TASK ITEM: Each entry below should appear again exactly as written, without pictures.

(Short web captions)
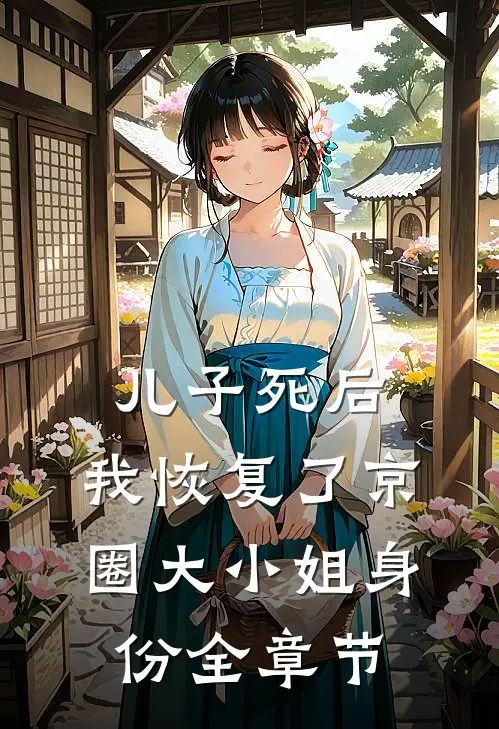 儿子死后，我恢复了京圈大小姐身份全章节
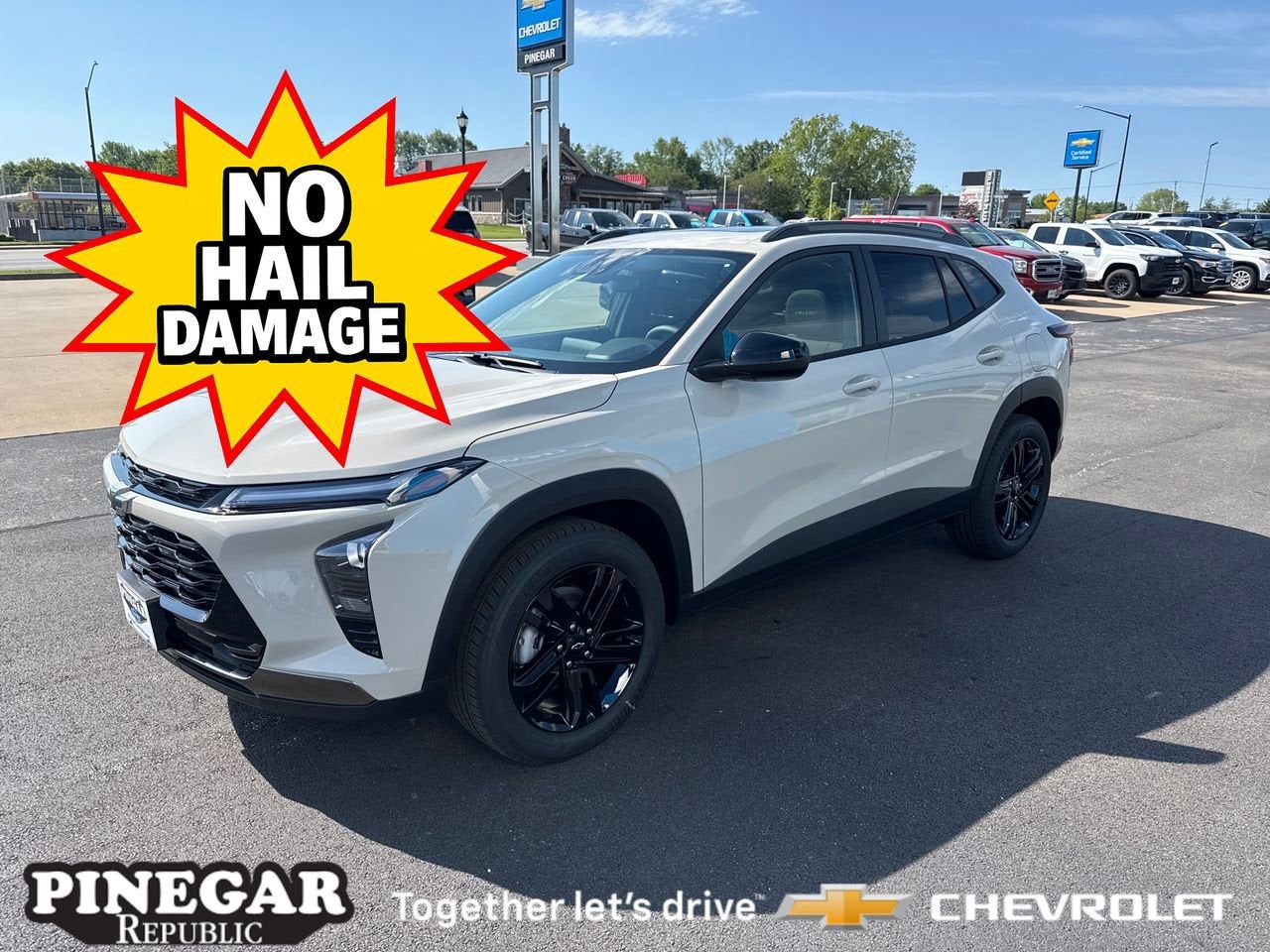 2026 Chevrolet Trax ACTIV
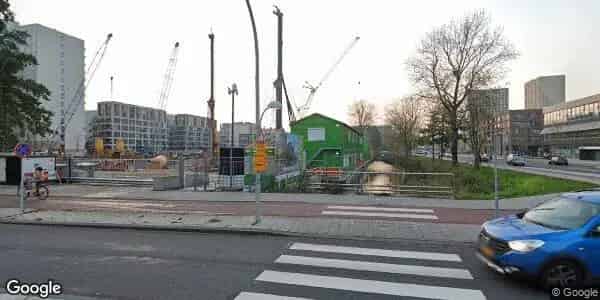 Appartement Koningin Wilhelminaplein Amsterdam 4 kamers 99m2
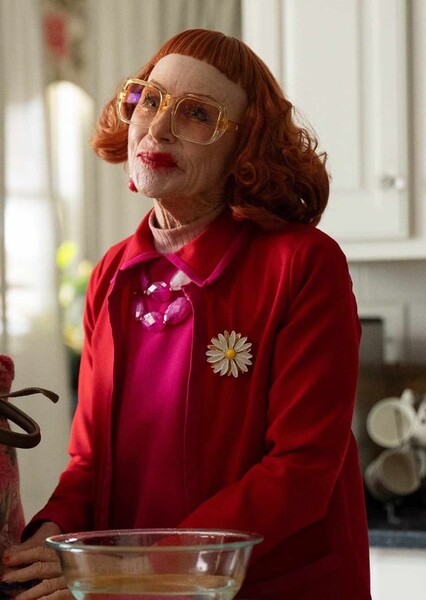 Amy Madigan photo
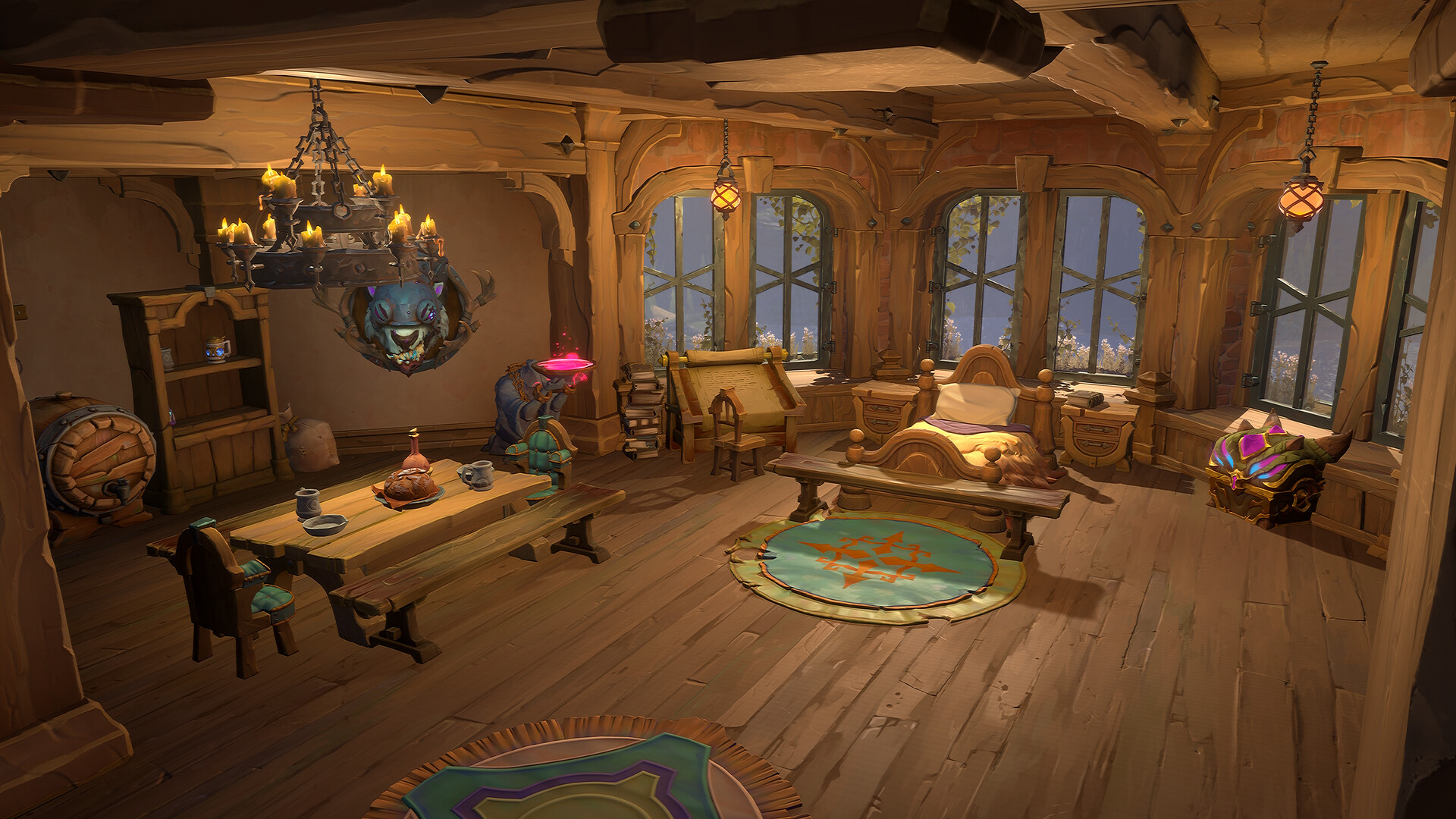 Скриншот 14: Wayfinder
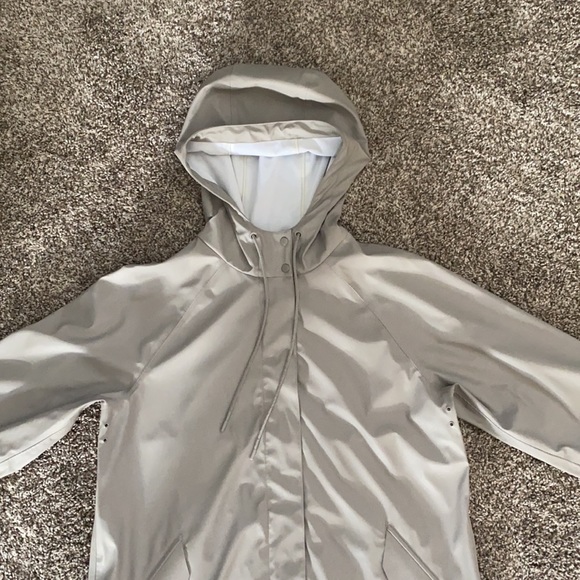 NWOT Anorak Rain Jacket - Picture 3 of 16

ANSWER TO THIS EXERCISE:
 儿子死后，我恢复了京圈大小姐身份全章节
 2026 Chevrolet Trax ACTIV
 Appartement Koningin Wilhelminaplein Amsterdam 4 kamers 99m2
 Amy Madigan photo
 Скриншот 14: Wayfinder
 NWOT Anorak Rain Jacket - Picture 3 of 16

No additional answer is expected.